Friday night’s BBC SO concert certainly drew in a large crowd, despite the presence of two unfamiliar works: a new one by Jonathan Lloyd and Tippett’s Fourth Symphony from 1977. The addition of the ever-popular pianist Stephen Hough to the lineup, playing the one of the most challenging concertos in the repertoire, Brahms’ First, must have helped the numbers.

The concert kicked off with the new Lloyd piece, Old Racket. A Royal Philharmonic Society commission, the partner piece called New Balls will be premièred by the BBC SO in May. Old Racket is written for strings only (including a string quartet group tuned a quarter-tone higher), while New Balls is for woodwind and brass. In his own evasive programme notes Jonathan Lloyd talks about the influence of Elgar’s Introduction and Allegro, and there was definitely a nod towards the heritage of great English string writing, not just the Elgar, but Vaughan Williams and indeed Tippett in his Concerto for double string orchestra. However, despite presenting us with some very clear, tonal harmonic and melodic material, the nostalgic atmosphere he initially seemed to be creating was gradually subverted by the increasing presence of discord and rhythmic instability. The effect of this was at turns humorous, mocking, defiant and ultimately touching – with a sudden shift to a nearly major key ending this intriguing piece unexpectedly soon.

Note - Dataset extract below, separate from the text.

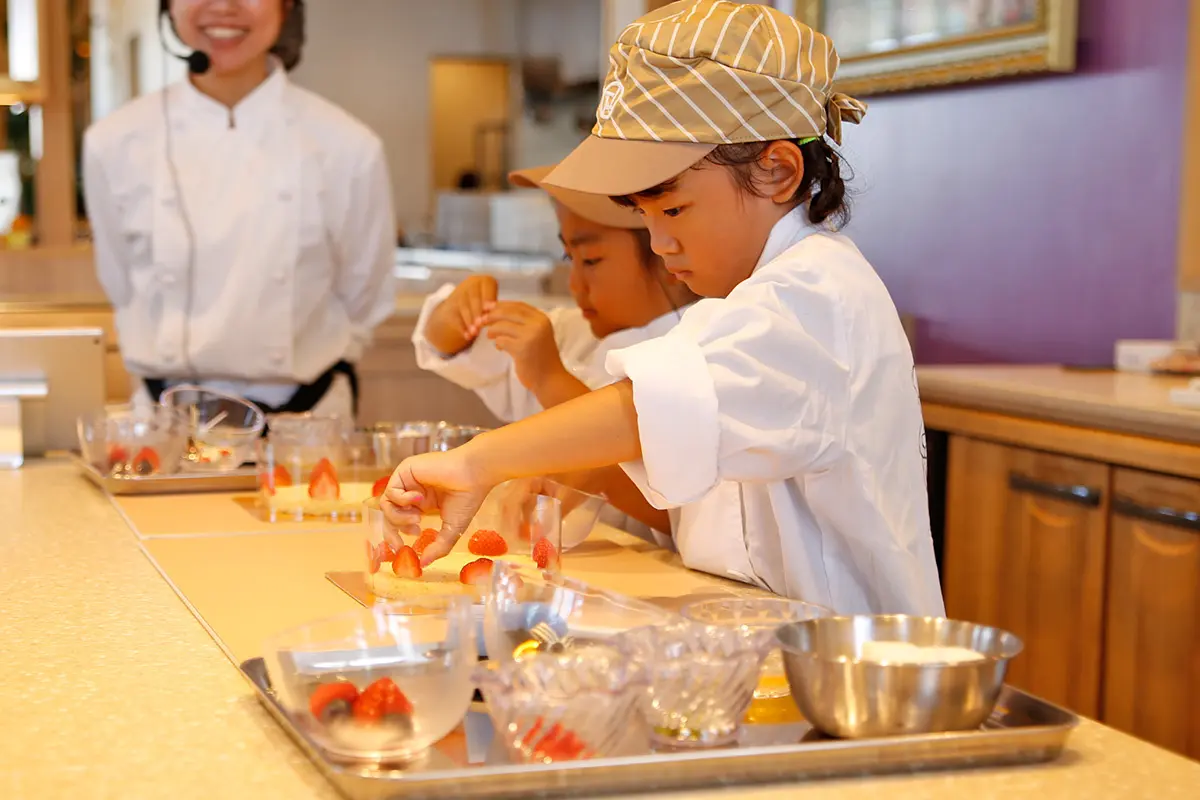 思い出を贈ろう!TOOTH TOOTHでキッズパティシエ体験、バレンタインケーキ作り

And then we came to the Brahms. At this point, I need to confess that the First Piano Concerto is my least favourite of Brahms’ large-scale works. Its agonised genesis produced a work that in the best performances can seem passionate to overflowing, but in less good performances can just seem patchy and overlong. Stephen Hough’s performance certainly didn’t press all the buttons for me and I was left feeling unsatisfied, even at the end of the exhilarating coda. I could see that Hough was trying to the strip back some of the “romantic rubato” clutter that has dogged performances in the past, but the overall impression of the performance was rather stiff and unyielding. This is a work written in a tumultuous period of the composer’s life, with the ghost of Schumann and the very physical presence of his beloved widow Clara, haunting every bar. To attempt to contain and control this passion, as if the piece were by Mozart, only serves to expose its technical deficiencies.

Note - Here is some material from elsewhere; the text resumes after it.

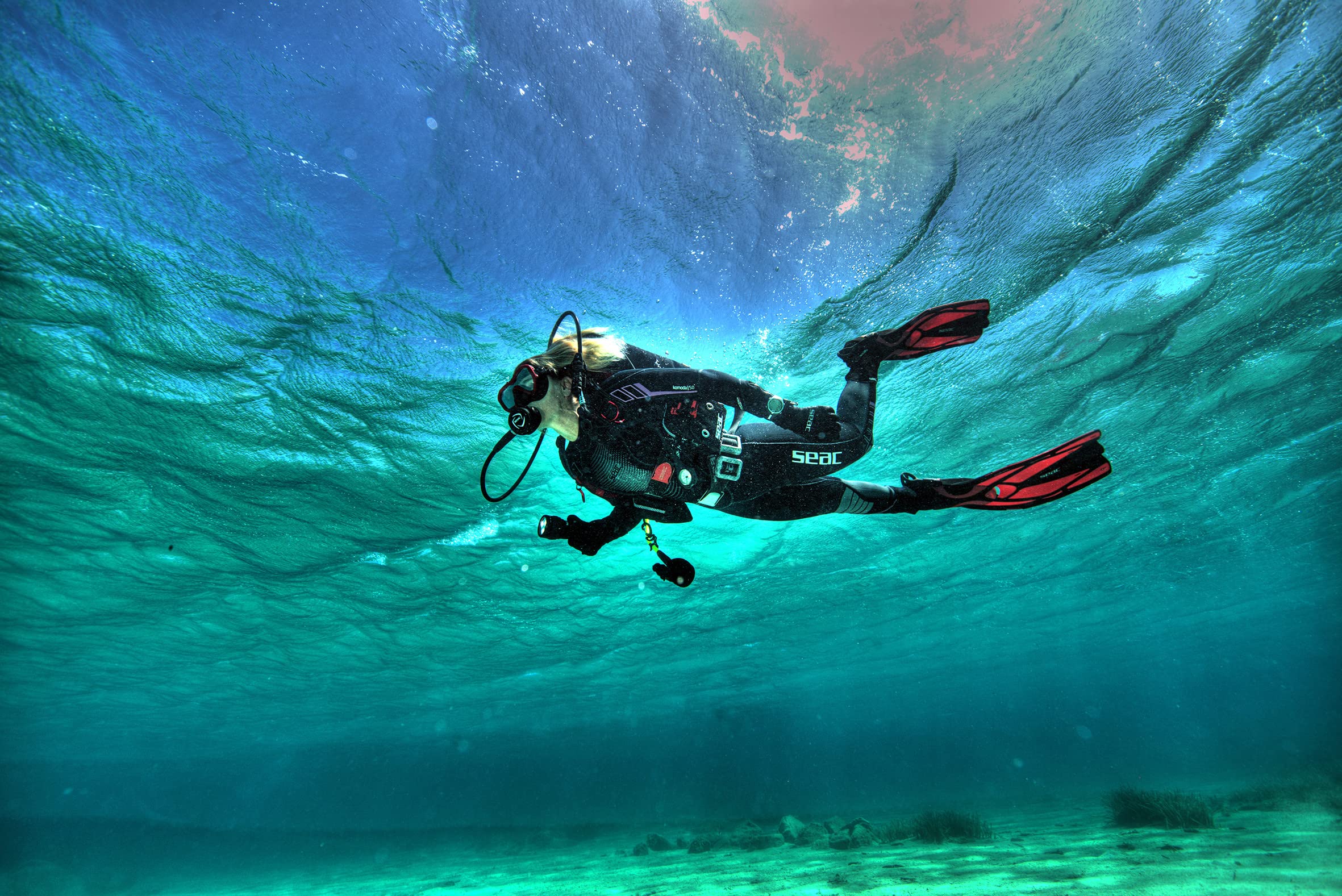 SEAC Action HR, computadora de buceo de alta resistencia con modo de buceo y apnea, cuaderno de registro de buceo, planificador de buceo, alarmas de seguridad, HR negro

The long first movement suffered most from this approach. The great climaxes, which can seem on the verge of hysteria, came across as hard-edged and cold in tone. The slower sections, which should melt from one to another, seemed to lack heart due to some quite unpoetic playing from Hough. In the slow movement, the important thing is to create a rapt and rarefied atmosphere and maintain this level throughout the movement. The opening orchestral passage certainly achieved this, but with the entry of the piano, this did not continue. The subtle nuances of the long melodic phrases largely eluded Hough. In the finale, this cool-headed approach seemed most appropriate and successful, although even here, when Brahms finally injects some lighter moods and rustic touches, Hough did not respond with the lightness of touch needed.

Despite a generally disappointing performance by Hough, the BBC SO and Sir Andrew Davis sounded suitably rich and passionate, and despite my misgivings about this performance I look forward to hearing the Second Brahms Concerto with by the same performers when they are reunited in May.

Having attended the first UK performance of Tippett’s Fourth Symphony with the brilliant Chicago Symphony Orchestra under Georg Solti in 1978, I was thrilled to be hearing this powerful work again in concert. Not that the work was played once and dropped: at the time it was widely felt to be one of his greatest works and was programmed many times over the next few years – but not in recent years, as is regrettably the case with much of Tippett’s music. The Fourth Symphony is laid out, like Sibelius’ Seventh, in one movement, but in mainly other ways it couldn’t be further away from the symphonic tradition of thematic development that found its purist form in the Finnish composer’s work. Tippett’s structural process in this symphony, and in much of his work from the early 1960s onwards, is about presenting his material in blocks and then repeating these themes in different contexts and combinations. The bold juxtaposition of wildly contrasting material achieves its own logic by the end of the piece and a sense of a journey’s end is reached.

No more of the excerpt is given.